▶ [Work item]: Once you find the line that contains "this 1200×800 image." in the entries below, give it again along with every following line, unchanged, through the final one.

▶ [Records for this exercise]:

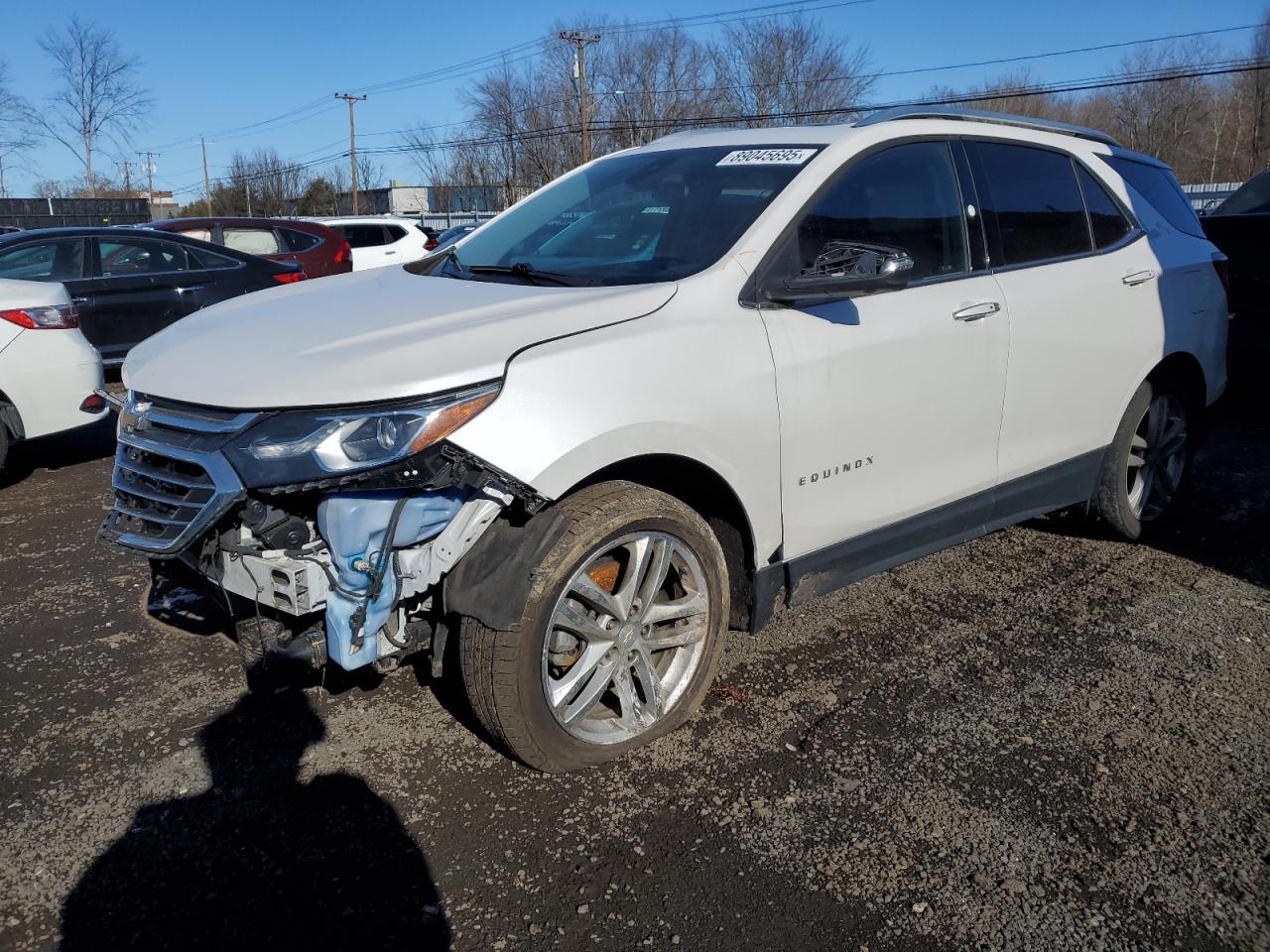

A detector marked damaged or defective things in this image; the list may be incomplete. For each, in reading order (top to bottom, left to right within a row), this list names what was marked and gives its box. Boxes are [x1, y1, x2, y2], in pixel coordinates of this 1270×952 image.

crushed front end [103, 387, 548, 678]
crumpled hood [125, 266, 679, 407]
damaged white suv [104, 106, 1222, 774]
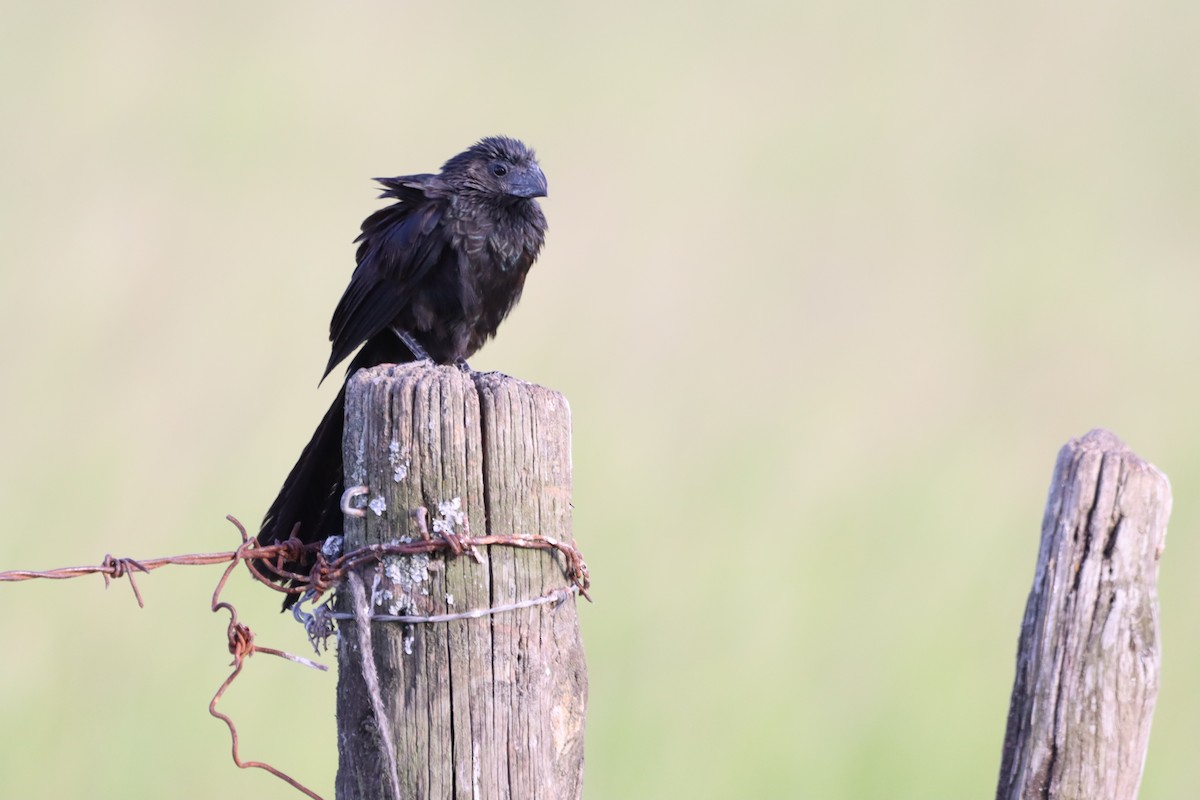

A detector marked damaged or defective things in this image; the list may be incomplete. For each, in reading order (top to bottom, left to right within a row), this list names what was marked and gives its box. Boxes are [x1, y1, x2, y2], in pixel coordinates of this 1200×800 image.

rusty barbed wire [0, 513, 590, 800]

▶ [Your response]:
A detector marked damaged or defective things in this image; the list may be incomplete. For each, in reading order (top to bottom, left to right within a row), this list names what was marked and gives its box. Boxes are [x1, y1, x2, y2], in pixel coordinates of this 1200×800 image.

rusty barbed wire [0, 513, 590, 800]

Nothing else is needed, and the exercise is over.